Every quantum experiment (or protocol) is a combination of these four elements. Every quantum protocol is an entangled sequence of gates, measurements, and classical processing, all combined in various ways and wrapped with various control-flow statements. And someone has to orchestrate all that!
The Pulse Processor is a processor architected to run sequences that combine all the above in real-time, in a perfectly synchronized and orchestrated way. That includes:
- Waveform generation in a fully parametric manner. Namely, the pulse processor does not need you to load all the pulses in advance, but rather it generates them in real-time as defined by the program. In other words, the pulse processor directly processes pulses as opposed to simply shoving them into memory.
- Waveform acquisition including the acquisition of both analog data (through ADCs) and digital data (from SPCMs, PDs, camera, etc). Including continuous acquisition for CW measurements or qubit-tracking (and weak measurements) as well as pulsed acquisition in synchronization with the waveform generation and real-time processing.
- Real-time processing including real-time processing of acquired data (e.g weighted demodulators and integrations, image-processing, TTL counting, time-tagging, etc), state-estimations, and even neural networks.
- Control flow including everything you typically do in MATLAB/python, now running in real-time, at time scales that are faster than your qubits (10s of nanoseconds)! Nested loops, complex branching trees with countless if/else’s, to form the most complex protocol you may have in mind.
And above all, these four elements are NOT to be regarded as independent. Quantum protocols are an interacting system, where waveform generation leads to waveform acquisition, followed by classical processing which then affects the following generated pulses. And many such threads running in parallel, and affecting each other as well.

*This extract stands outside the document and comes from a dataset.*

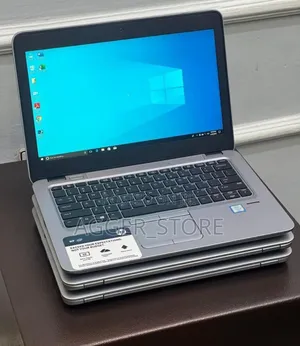 New Laptop HP EliteBook 820 G3 8GB Intel Core I5 SSD 256GB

To enable such performance, the pulse processor is built in a multi-core architecture containing several pulsers. Each pulser is an independent real-time core capable of driving one or more quantum elements (qubits, collective modes, two-/multi-level transitions, resonators, etc.). Every pulser is essentially a specialized processing unit that may simultaneously handle both waveform generation, waveform acquisition, and all the real-time calculations (classical processing) required (it is Turing complete!) in a deterministic manner and with ultra-low latency.